A chamada escala 6×1, com uma folga semanal para seis dias de jornada, é a realidade de milhões de trabalhadores do comércio, limpeza, segurança e alimentação — setores onde predomina a mão de obra negra. Essa lógica de exaustão, historicamente imposta à classe trabalhadora, hoje assume uma forma moderna de exploração que recai, mais uma vez, sobre os mesmos corpos.
Nas instituições públicas e privadas, o racismo também segue operando. Apenas 6,3% dos cargos de liderança nas empresas brasileiras são ocupados por negros. No Judiciário, a presença negra é quase inexistente: menos de 2% dos juízes brasileiros se declaram negros.
A repressão do Estado completa esse ciclo de violência. A política de guerra às drogas serve como desculpa para o encarceramento em massa: o Brasil possui mais de 830 mil pessoas presas, das quais 68% são negras. A juventude negra é também a principal vítima da violência policial — mais de 80% das mortes por intervenção do Estado em 2022 foram de pessoas negras. E segundo o Atlas da Violência, jovens negros têm 2,6 vezes mais chances de serem assassinados do que brancos.
Esses dados não revelam apenas desigualdade: revelam um projeto de sociedade que atualiza o controle sobre corpos negros por outros meios. A abolição da escravidão foi meramente formal. O que se seguiu foi um novo ciclo de exclusão, onde o Estado deixou de ser o senhor de escravos para se tornar o agente da marginalização institucional.

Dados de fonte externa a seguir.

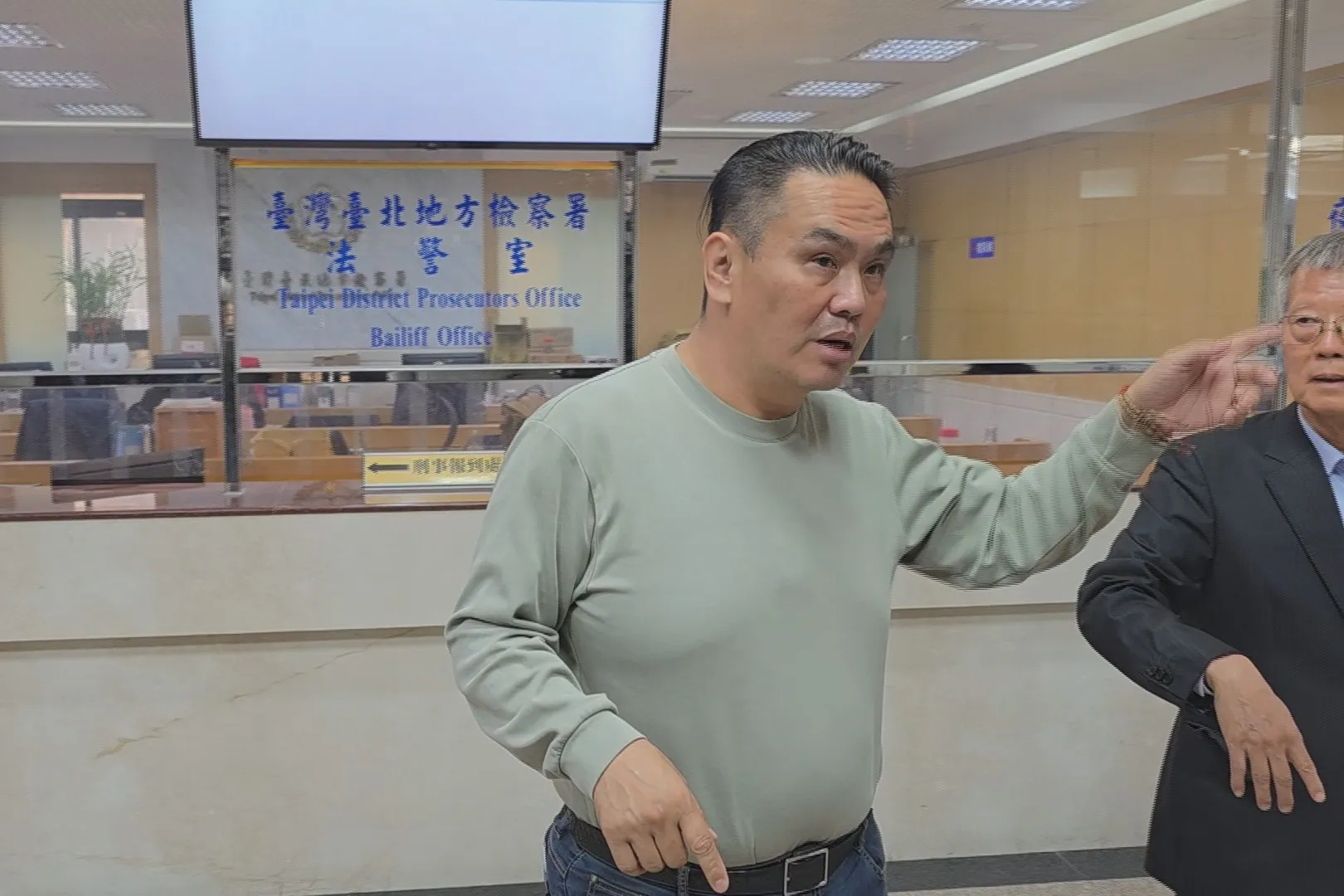選前又出事！陳重文涉違反《選罷法》遭搜索　台智光案到農會賄選爆不停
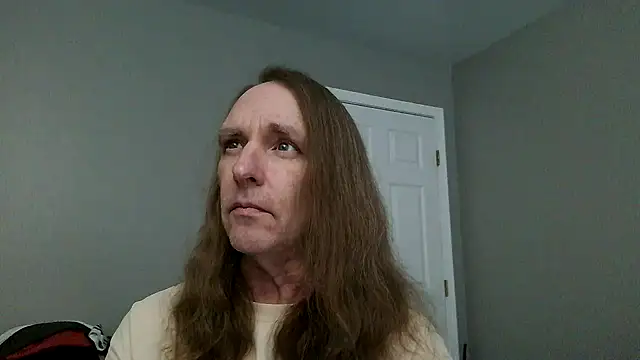 Magnus Luv online show from 6, 6, 2026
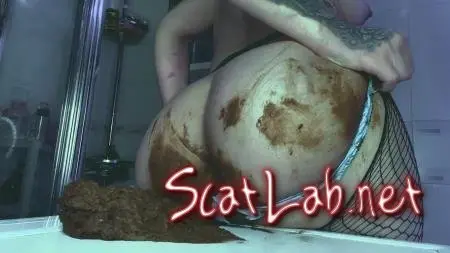 2 in 1 Brown Snake & Murky Jeans (DirtyBetty) Defecation, Big Pile [FullHD 1080p] Solo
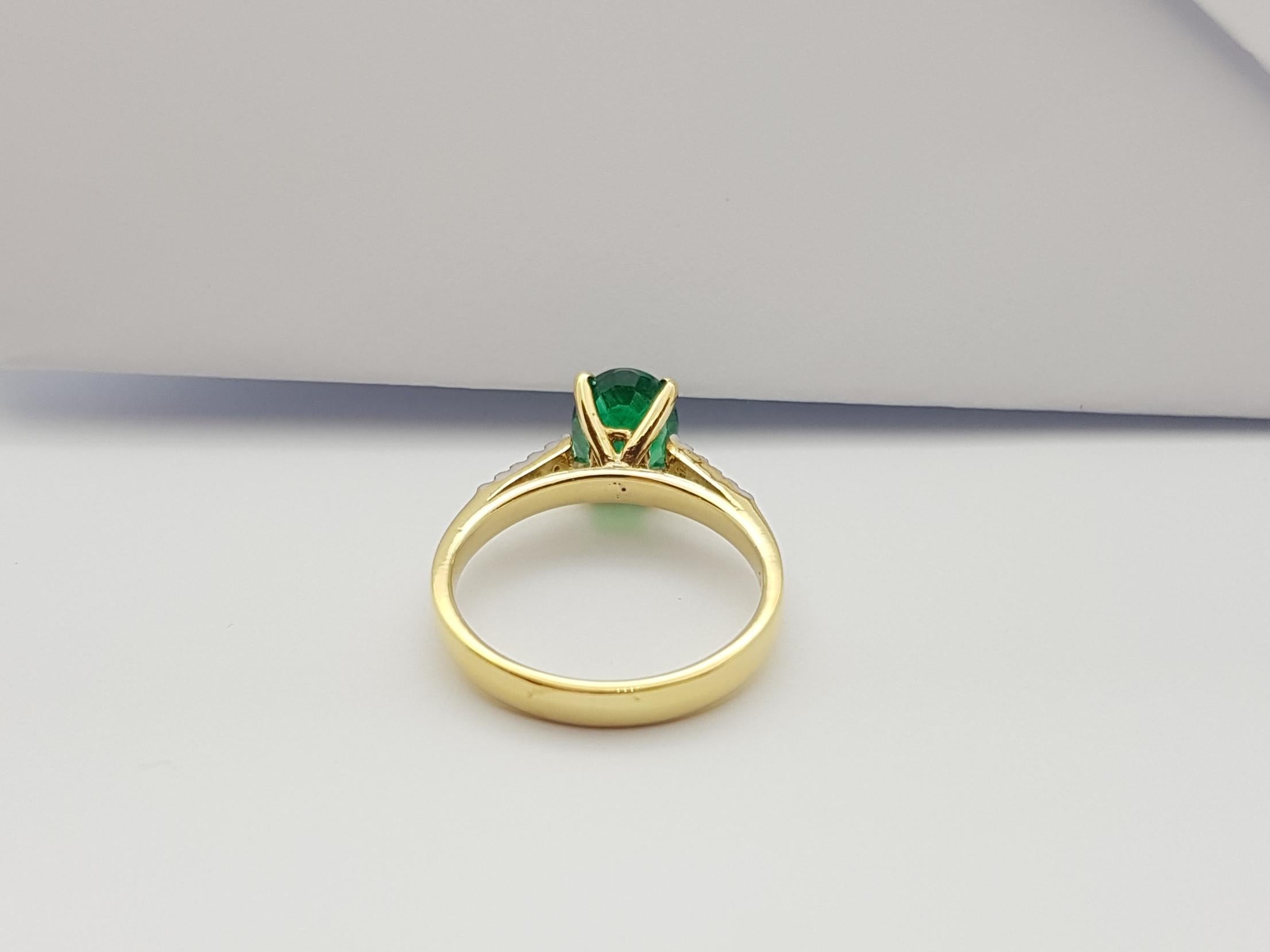 Ring mit Smaragd und Diamant in 18 Karat Goldfassung im Angebot 5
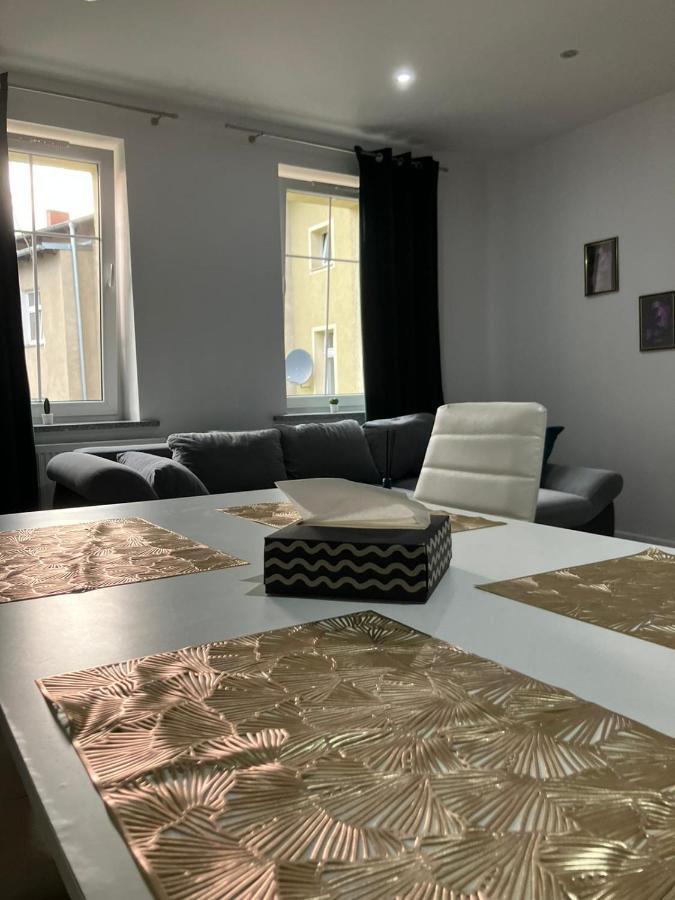 Apartament Centrum 瓦乌布日赫 外观 照片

Ainda assim, houve luta e houve conquistas. A Lei de Cotas, aprovada em 2012, permitiu um avanço histórico: em 10 anos, a presença de estudantes negros nas universidades públicas aumentou em mais de 70%. Programas como o Bolsa Família também atuaram no combate à fome e à miséria, alcançando uma população majoritariamente negra. A PEC das Domésticas, embora ainda descumprida por muitos empregadores, garantiu direitos antes negados a milhões de trabalhadoras.
Mas essas conquistas enfrentam o cerco das políticas neoliberais, que vêm sendo aprofundadas desde a década de 1990. As privatizações, os cortes de investimento, a destruição da CLT, a reforma da previdência e o congelamento dos gastos públicos (como a EC 95) reforçam um Estado mínimo para os pobres e um Estado forte para o capital. Essa lógica agrava ainda mais a situação da população negra, que depende das políticas públicas para romper os grilhões do passado.
O 13 de Maio, portanto, não pode ser uma data de comemoração vazia. É um dia de denúncia e de luta. Um lembrete de que a liberdade sem reparação é apenas uma transição da senzala para a favela, da chibata para o fuzil, do tronco para a cela. Enquanto houver racismo exclusão e violência, não haverá abolição completa.